Thanks to its incredible sensitivity at high mass resolution, the NanoSIMS50L allows trace element imaging and quantification with 50nm SIMS spatial resolution, even in electrically insulating materials. At UWA’s Centre for Microscopy, Characterisation and Analysis (CMCA) it’s used in geoscience research, including for rock and reservoir analysis. Also, in a complete change of pace, it’s used for Procter and Gamble intesting the penetration of nutrients into hair samples. Dr Paul Guagliardo is just one of the research staff who spends regular time on the 50L.
UWA’s Nikon Centre of Excellence in Optical Microscopy, located at the Harry Perkins Institute of Medical Research, is home to six instruments, including some of the most powerful optical microscopes on the planet (up to 20 times more powerful than the previous generation of optical instruments).

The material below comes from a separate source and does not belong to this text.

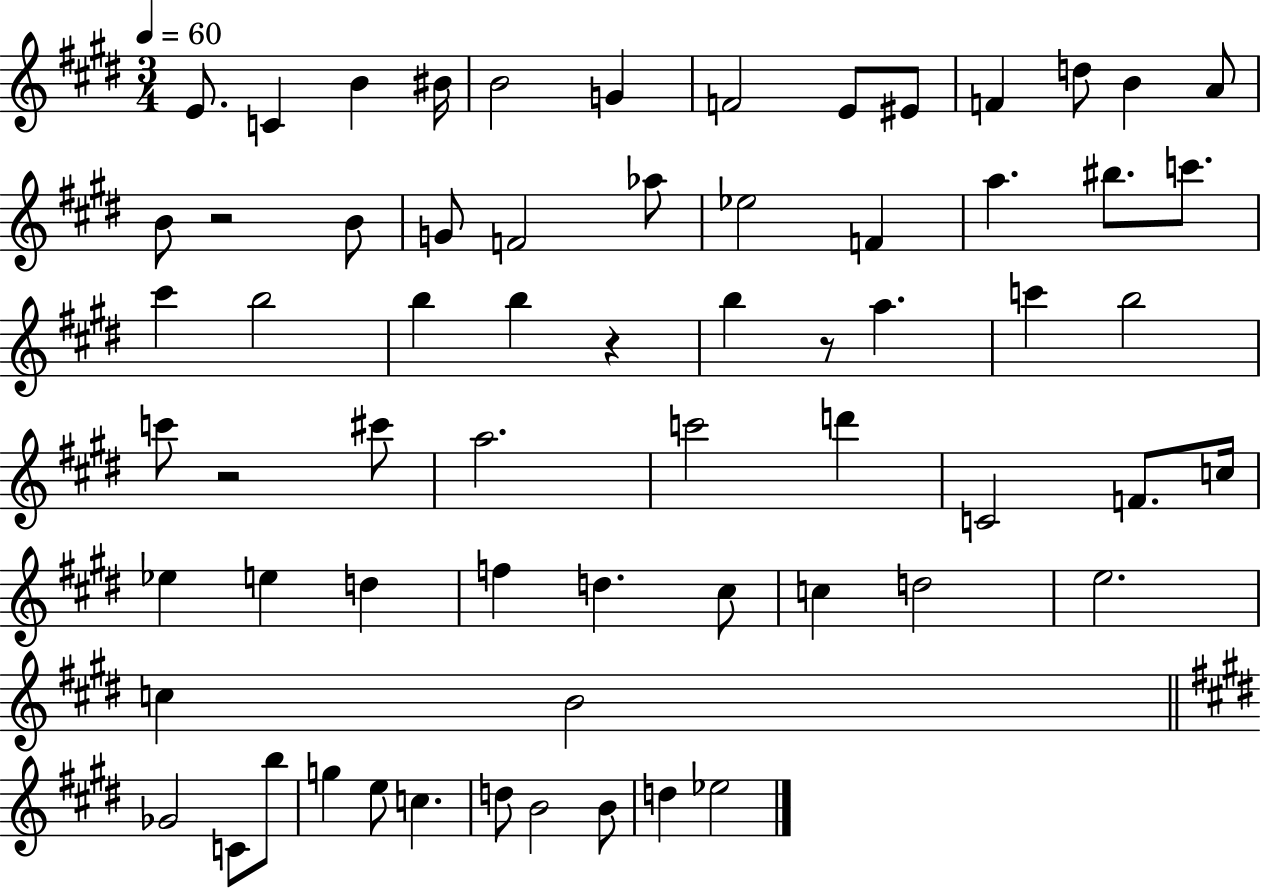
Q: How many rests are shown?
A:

Professor David Sampson from UWA’s Centre for Microscopy Characterisation and Analysis said the instruments will help researchers make major advances in medicine, biology and science by allowing them to see things on a scale never before possible.
UWA’s Optical and Biomedical Engineering Laboratory (OBEL) invents and studies new optical and imaging techniques and applies them in collaboration with researchers and clinicians in medicine and biology. Here, Research Associate Bryden Quirk works with lasers.
Designed and built by an in-house technical team, UWA’s large and mini O-Tubes have revolutionised research on pipeline stability design and sediment transport by simulatingin a controlled lab environmentsome of the most severe underwater cyclonic conditions in the world. By forcing 60 tonnes of water through a 1.5 metre-square working section with a 16 metre-long stretch of natural seabed soil, researchers are able to demonstrate how seabed sediment, pipelines, other infrastructure and flora interact with the marine environment.
It might look boring but ‘Magnus’ is Pawsey Supercomputing Centre’s flagship machine, a world-class petascale supercomputer and one of the most powerful in Australia. Used by academics to crunch massive data sets for everything from high-energy physics to mining and petroleum, medical research and multimedia, it was established in 2000 as ajoint venture between WA's four public universities and CSIRO, and is the longest-running and most successful venture of its type in Australia.
UWA’s SPIRIT (SPICE-Physics-ICRAR Remote Internet Telescope) is a research-grade instrument that is accessible to schools across WA, regardless of rural or remote location and without specialised software. It gives high-school students the potential to discover new planets and exploding stars in distant galaxies and is also used to enrich tertiary studies in astronomy.